Without changing a thing, reproduce the entire listing and leave out its pictures.

:: Given information ::

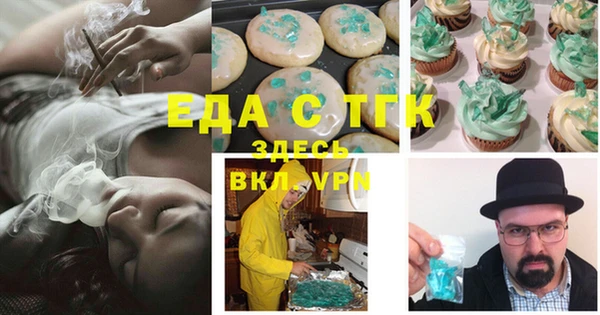 гидра Балахна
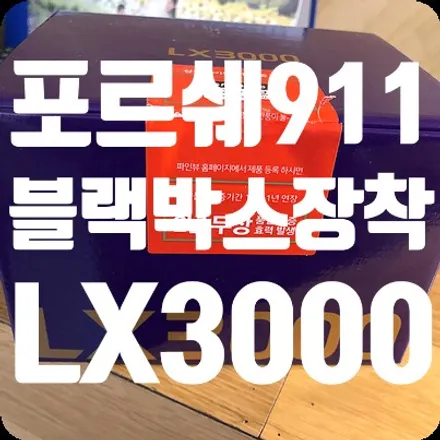 포르쉐911 카레라4s 블랙박스장착 [파인뷰LX3000] / 서울 서대문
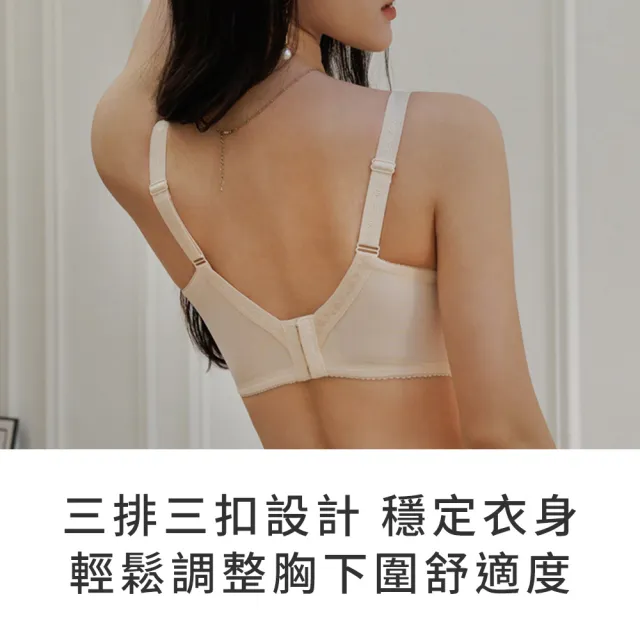 【玉如阿姨】深夜獨白內衣※0796膚(F罩 大罩杯 包覆 機能 涼感 台灣製)
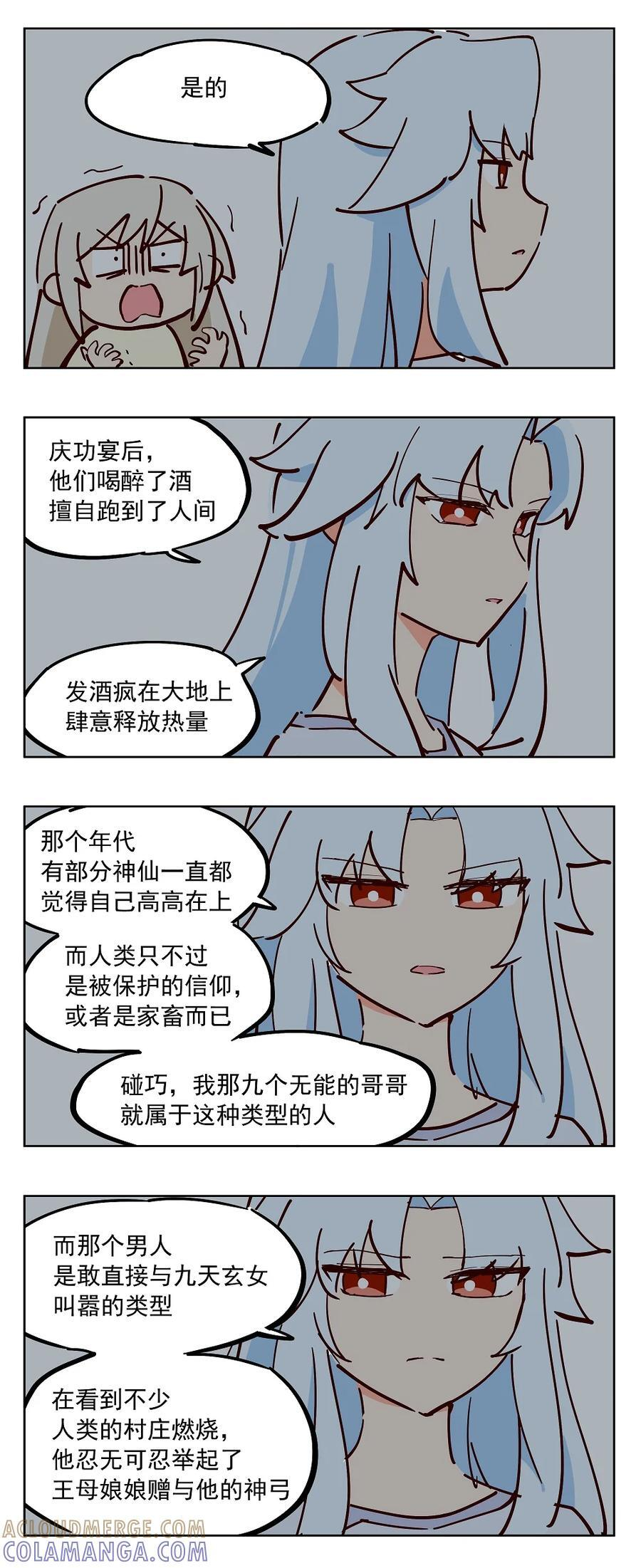 107话 姮娥仙子的过往 第9页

:::

Solution to the exercise:
 гидра Балахна
 포르쉐911 카레라4s 블랙박스장착 [파인뷰LX3000] / 서울 서대문
 【玉如阿姨】深夜獨白內衣※0796膚(F罩 大罩杯 包覆 機能 涼感 台灣製)
 107话 姮娥仙子的过往 第9页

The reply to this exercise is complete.